#### What this task involves:
Line by line, print the records exactly as they are, dropping the pictures.

##### Data to examine #####

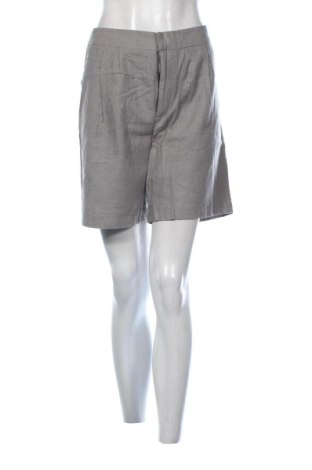 Pantaloni scurți de femei Pepe Jeans, Mărime L, Culoare Gri, Preț 78,74 Lei, #137929412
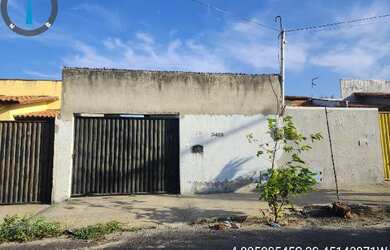 Imagem: A casa possui 2 Dormitórios, 1 Banheiro, 1 Vaga na garagem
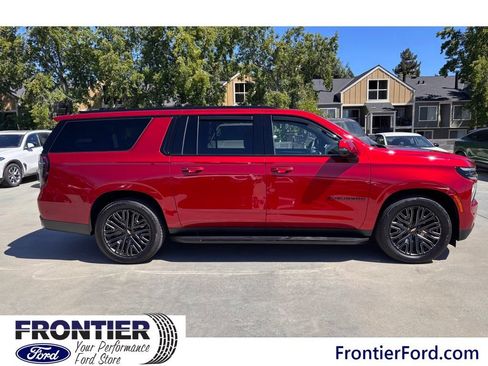 Used 2025 Chevrolet Suburban RST w/ RST Capability Package AWD/4WD image 7
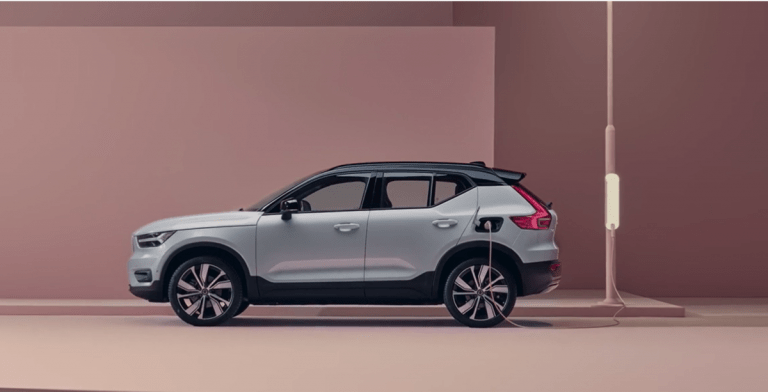 Der Volvo XC40 Pure Electric: Stecker raus und los!
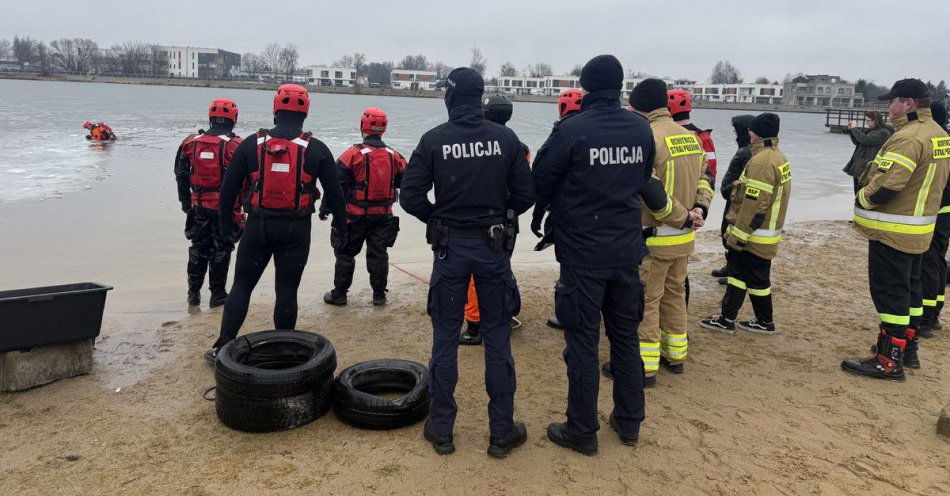 zdjęcie: Żyrardowscy policjanci na zajęciach doskonalających z ratownictwa lodowego / fot. KPP w Żyrardowie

#####

#### Solution below:
 Pantaloni scurți de femei Pepe Jeans, Mărime L, Culoare Gri, Preț 78,74 Lei, #137929412
 Imagem: A casa possui 2 Dormitórios, 1 Banheiro, 1 Vaga na garagem
 Used 2025 Chevrolet Suburban RST w/ RST Capability Package AWD/4WD image 7
 Der Volvo XC40 Pure Electric: Stecker raus und los!
 zdjęcie: Żyrardowscy policjanci na zajęciach doskonalających z ratownictwa lodowego / fot. KPP w Żyrardowie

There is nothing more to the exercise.